When you reach the line containing "Winnipeg Jets NHL", begin reproducing the lines exactly and continue through the end of the listing, leaving out the pictures.
━━━━━ Source data ━━━━━
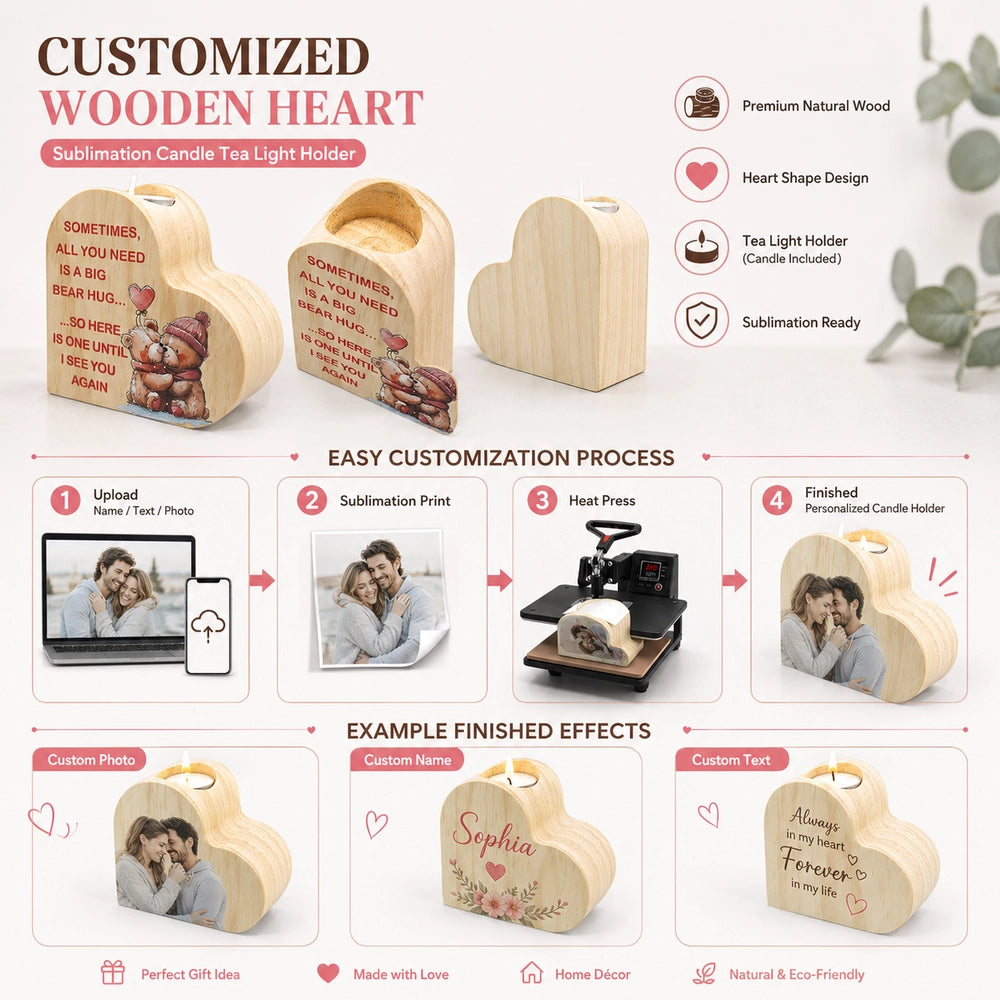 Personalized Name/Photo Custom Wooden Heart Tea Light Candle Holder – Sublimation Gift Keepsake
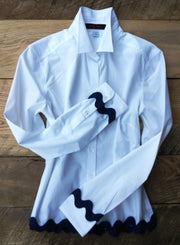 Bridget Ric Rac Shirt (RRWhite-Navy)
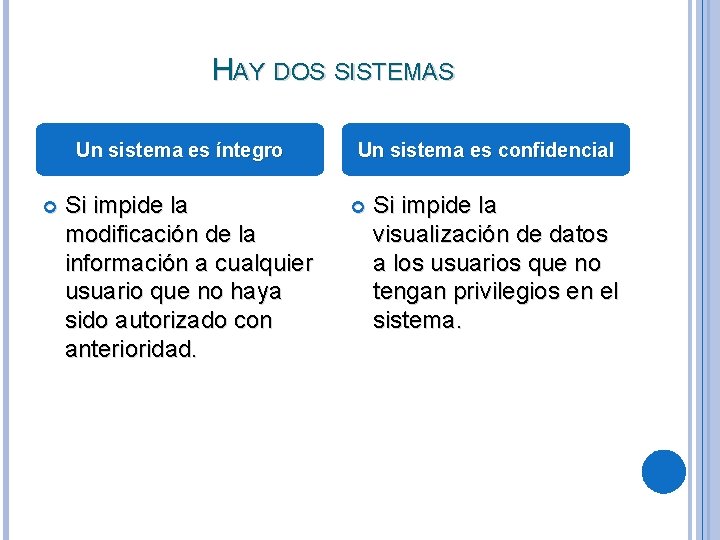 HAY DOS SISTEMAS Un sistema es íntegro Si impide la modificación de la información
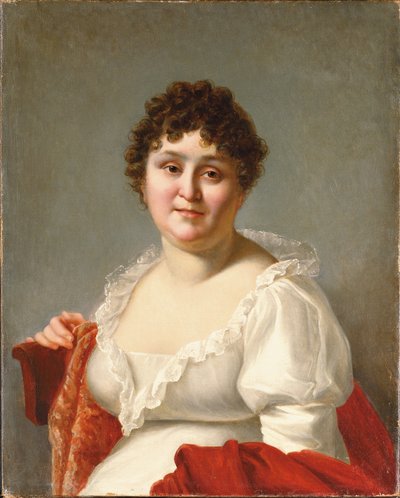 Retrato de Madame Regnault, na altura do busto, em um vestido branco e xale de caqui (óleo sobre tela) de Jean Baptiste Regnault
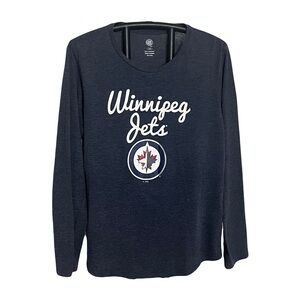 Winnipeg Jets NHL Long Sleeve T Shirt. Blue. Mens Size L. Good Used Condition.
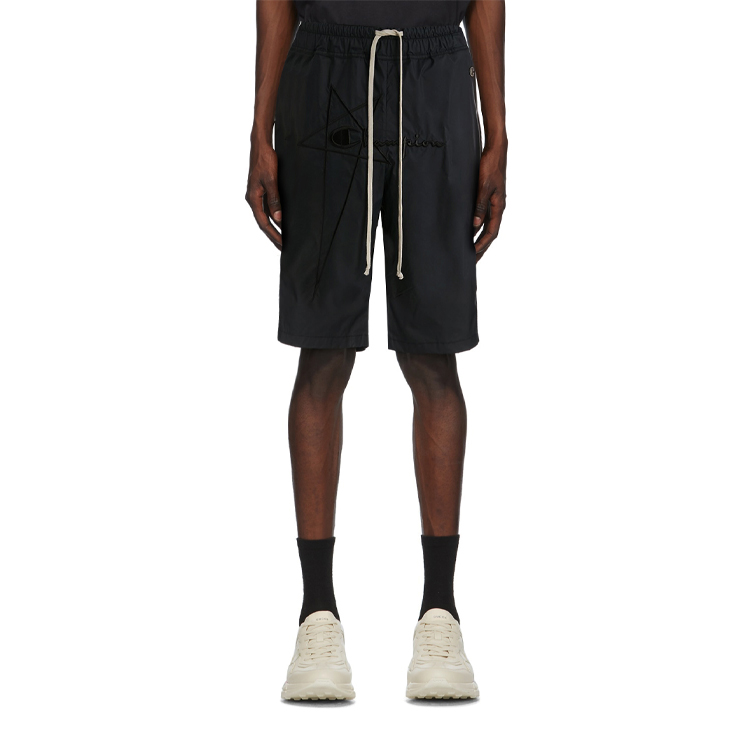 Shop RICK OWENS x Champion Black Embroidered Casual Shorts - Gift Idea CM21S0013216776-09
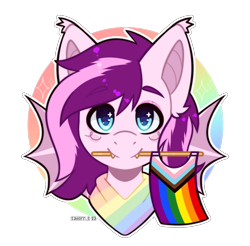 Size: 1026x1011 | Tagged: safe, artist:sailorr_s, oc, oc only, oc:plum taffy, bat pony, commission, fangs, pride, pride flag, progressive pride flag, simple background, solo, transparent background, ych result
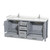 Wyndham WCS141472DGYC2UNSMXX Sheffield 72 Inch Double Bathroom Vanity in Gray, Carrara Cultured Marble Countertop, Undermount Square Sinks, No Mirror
━━━━━
Reply:
 Winnipeg Jets NHL Long Sleeve T Shirt. Blue. Mens Size L. Good Used Condition.
 Shop RICK OWENS x Champion Black Embroidered Casual Shorts - Gift Idea CM21S0013216776-09
 Size: 1026x1011 | Tagged: safe, artist:sailorr_s, oc, oc only, oc:plum taffy, bat pony, commission, fangs, pride, pride flag, progressive pride flag, simple background, solo, transparent background, ych result
 Wyndham WCS141472DGYC2UNSMXX Sheffield 72 Inch Double Bathroom Vanity in Gray, Carrara Cultured Marble Countertop, Undermount Square Sinks, No Mirror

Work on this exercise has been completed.